The Admiralty, Whitehall, London, Wednesday 14 April
The day was getting late but their Lordships were still hard at work. The overall situation hadn’t changed and with the Home Fleet forces heading north there was time to devote to the Flag Exercise that had been running elsewhere in the bowels of the building. This was where the Navy’s response to the German dispositions were being mapped out, not the real rather careful reaction, but a more rigorous wartime response. The results so far had been illustrative and the input of valuable intelligence data, fragmentary though it had been, from Operation Cravat had also been invaluable.

The main conclusion from the fleet exercise was that Kreigsmarine’s exercise was not a traditional breakout into the North Atlantic. It was instead a mass fleet action designed to force the Royal Navy out into combat in an attempt to destroy it. Commander George Bennett was leading the flag exercise effort and summarised the main German aim, “In a war involving the Grand Alliance the Germans would have the advantage of the French fleet being able to tie our forces down in the South-West and Channel areas and possibly the threat from the Russian Northern Fleet from the north. That’s not even including the operations elsewhere in the world from French territories to pin down our other fleets. The German’s aim is to draw out the bulk of the Home Fleet and destroy it in a series of carrier-aircraft strikes. The Germans have been practicing this all week. It’s not improbable they would also support Lutftwaffe and Armée de l'air bombing operations against our major airfields and harbours.”

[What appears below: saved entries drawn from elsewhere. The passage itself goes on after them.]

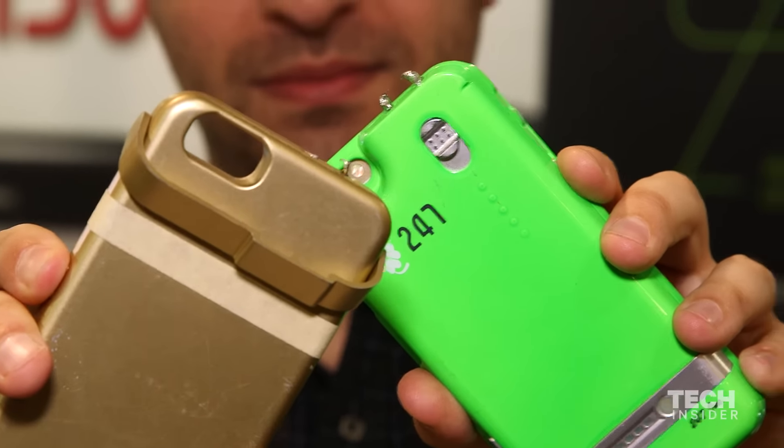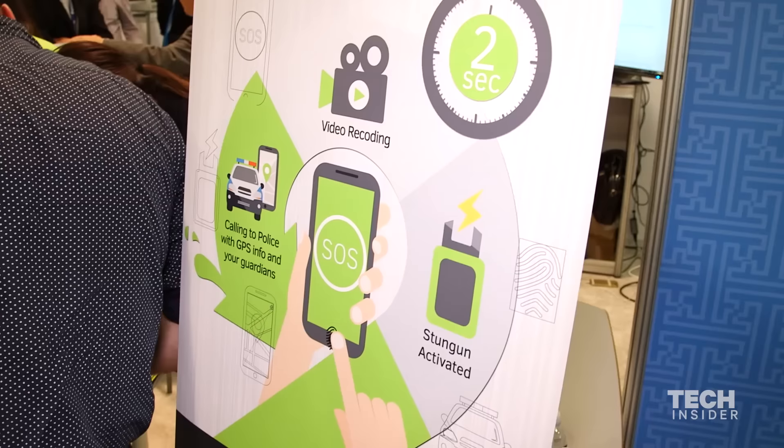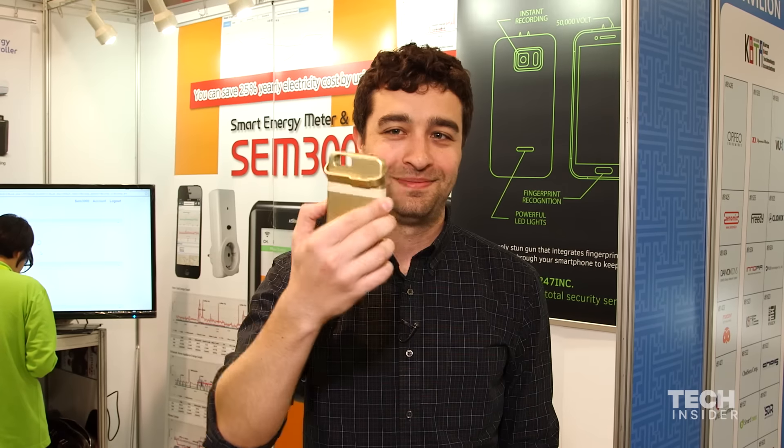This one is actually just a prototype, but eventually you'll be able to use it with Samsung Galaxy phones and the iPhone. It's pretty crazy.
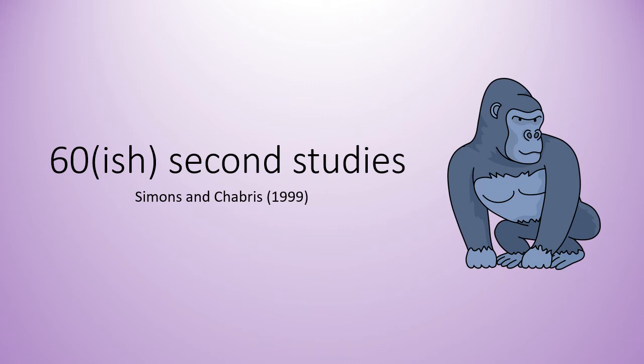Hi everyone and welcome to another in this series of videos where I summarize one of the studies from component two of the OCR A-level psychology syllabus in about 60 seconds give or take. This video is about the study by Simons and Chabris from 1999. It's one of my favorites — in fact I replicated this study for my dissertation back in the early 2000s. Let's get into it and see if we can summarize it in 60-ish seconds.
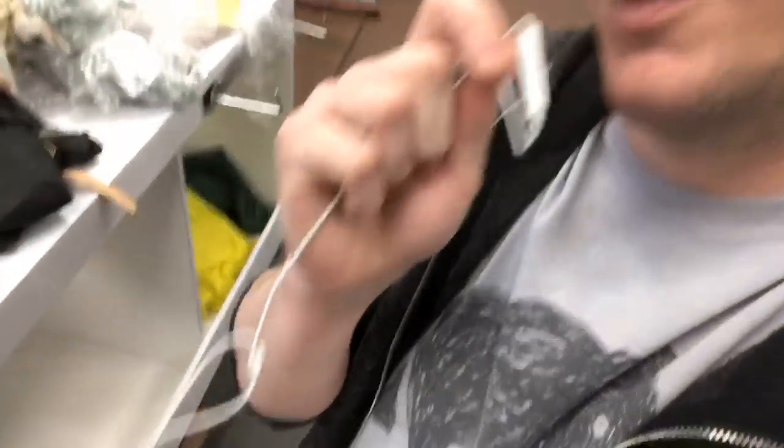And then we tag them. We come over here — the bags go in there. We'll take them out, we tag them, toss them in the bin here. That's where all the dirty clothes go.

The Lords gathered viewed this ominously. RAF cutbacks had been more keenly felt in the North and the spreading of the Home Fleet made it hard to concentrate enough power for a decisive battle. In this exercise they would be facing the entire German battlefleet. Operation Cravat had broadly confirmed no major units were left in the Baltic and as HMS Wolverine had found out, the Germans were entrusting Baltic security to the Russians. It seemed likely that the Germans might take the threat to their ‘rear’ more seriously now they knew that British submarines could penetrate the Belts. Also Bennett argued that in a real war scenario it would be likely that some capital units would be unavailable due to refits etc.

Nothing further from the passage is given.